Taksitli kredi kartı uygulamasının birkaç ülkede olduğunu, Türkiye'de de yaygın olarak kullanıldığını anlatan Bilgin, BDDK olarak bu konuyu değerlendirdiklerini ifade etti. Bilgin, bu konuyu bir kanun maddesi haline getirmeye gerek olmadığını, çünkü esnekliğini kaybedeceğini belirtti. Bilgin, şöyle dedi:

"Kredi kartı, para yokken değil, varken ya da para beklentimiz varken kullanılması gereken bir araçtır. BDDK yakından izlemektedir. Bankaların bu anlamda aktif-pasif vade uyumu önemlidir. Bu vade yapısına bakmadan 18-20-24 ay kredi kartına taksit yapan bankalarımızın bunu nasıl yaptıklarını ben otoritenin başı olarak anlamakta güçlük çekiyorum."

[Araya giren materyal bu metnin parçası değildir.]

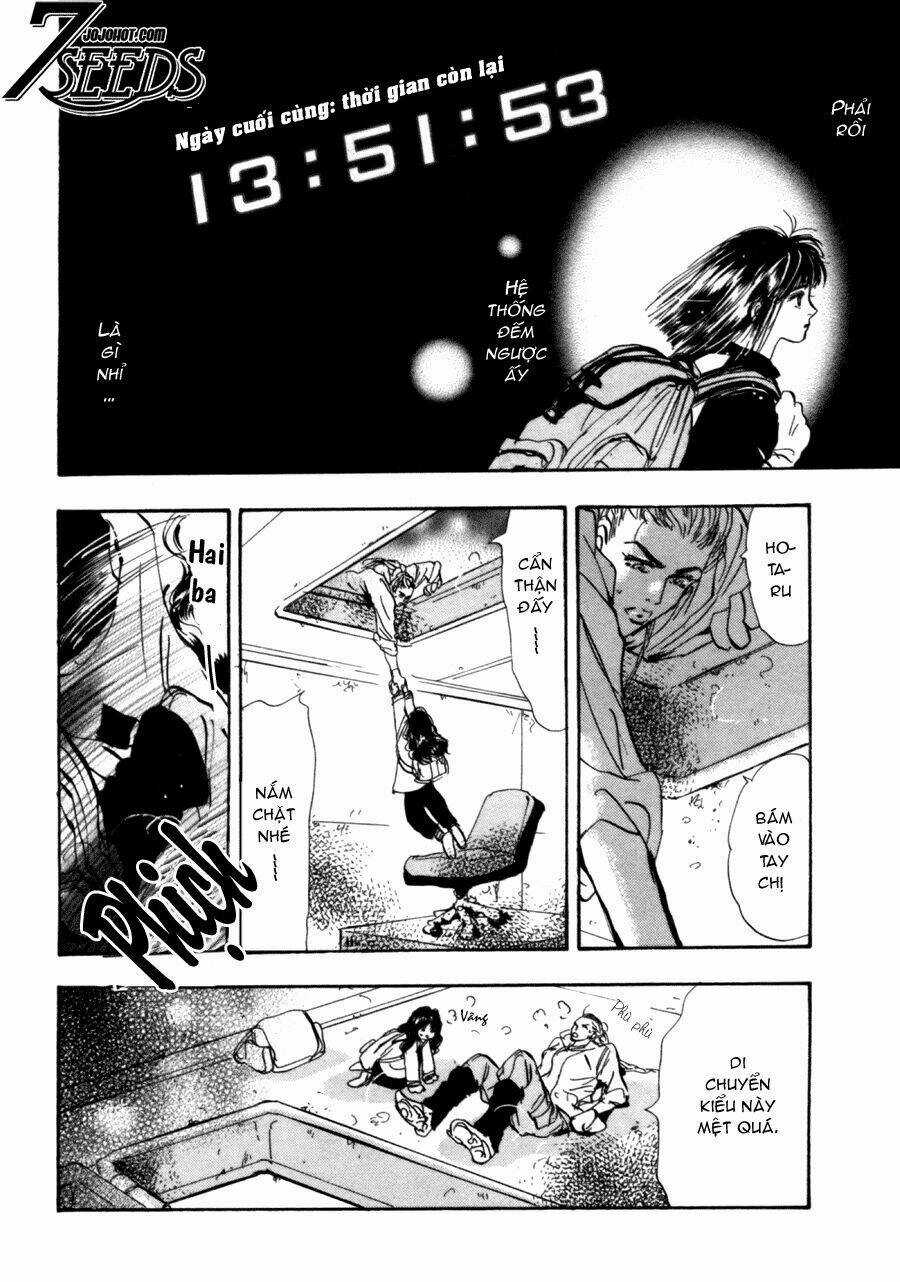 7 Mầm sống - Chapter 99 - Trang 13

Bankaların pazar payı ve artan rekabetten geri kalma kaygısıyla hareket ettiğini ancak herkesin de şikayetçi olduğunu kaydeden Bİlgin, "İşte birisinin tribünün önüne geçip, (hepiniz birden yerinize oturun) demesi gerekiyor. Bu serbest piyasa sistemine aykırı mıdır? Bence aykırı değildir. Biz sadece topluca yapılması gereken bir hareketin yönlendirilmesini yapmak istiyoruz. Amacımız da bu kadar basittir" diye konuştu.

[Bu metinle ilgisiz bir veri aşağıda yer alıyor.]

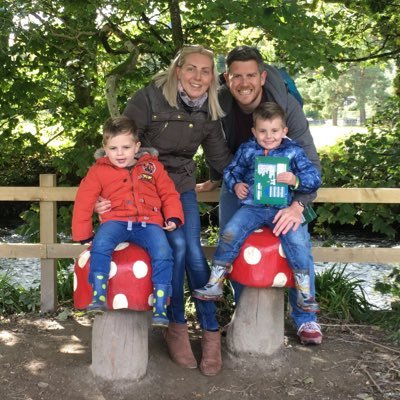 Sometimes a runner, sometimes a cyclist, always a Dad and Husband.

Bilgin, bankacılık sisteminin güçlü yanlarının "teknolojik yeterlilik, insan kalitesinin iyi bir noktada olması, rekabet kültürüne sahip olunması, kriz yönetim tecrübesi ve sınırlı mevduat güvencesi" olduğunu söyledi. Bilin, bankacılık sisteminin zayıf yanlarını ise "finansal krizlerden dolayı güven kaybı, yüksek aracılık maliyetleri, kredi kanallarının etkin işlememesi, reel sektörün bilanço yapısı ve kayıtdışılık ile vade uyumsuzluğu" olarak sıraladı.

Geçen yıl Temmuz ayında mevduat güvencesinin 50 milyar lirayla sınırlandırılmasına da değinen BDDK Başkanı, bu yapılırken kafalarda "Acaba mevduat kayması olur mu?" şeklinde soruların da oluştuğunu anımsattı. Bilgin, mevduatta bir miktar parçalanma olduğunu, ancak özel bankalardan kamu bankalarına bir kayma olmadığını kaydetti.

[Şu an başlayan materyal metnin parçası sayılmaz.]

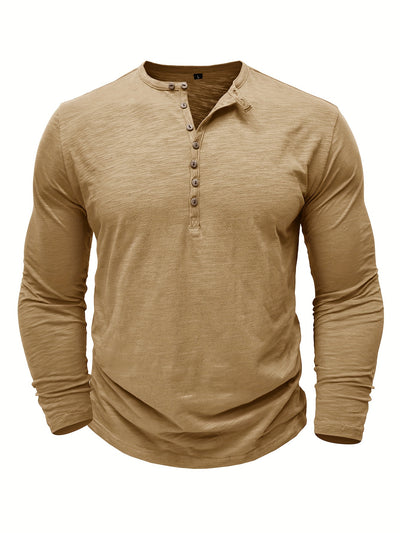 Rupert | Comfy Long-Sleeve Shirt (1+1 FREE)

Bilgin, yabancı bankaların Türkiye'ye girişinin "birleşme şeklinde mi yoksa yeni banka kurmak şeklinde mi" olacağı yönündeki soruyu yanıtlarken, bir kısım bankaların gelecek dönemde kendilerine çok dikkat etmek zorunda olduğuna, şu anda bir sorun bulunmadığınaı, ancak rekabetin çok üst seviyede olacağına işaret etti. Bilgin, şöyle devam etti:

"Bu anlamda bilançosuna bakıp (Ben bu işi götüremeyeceğim) düşüncesinde olan bankacılarımız, patronlar varsa lütfen yol haritalarını biz müdahale etmeden çizsinler. Şunu söylemeye çalışıyorum. (Bankalarımız daha da değerlenecek, şu fiyata aldım şu fiyata satarım) gibi düşünceler daha menfi sonuçlar doğurabilir, bunu söylemek istiyorum... Bir nokta var, yeni gelecek firmalar Bankalar Kanunu'ndaki o mali güç ve itibara sahip olmalı."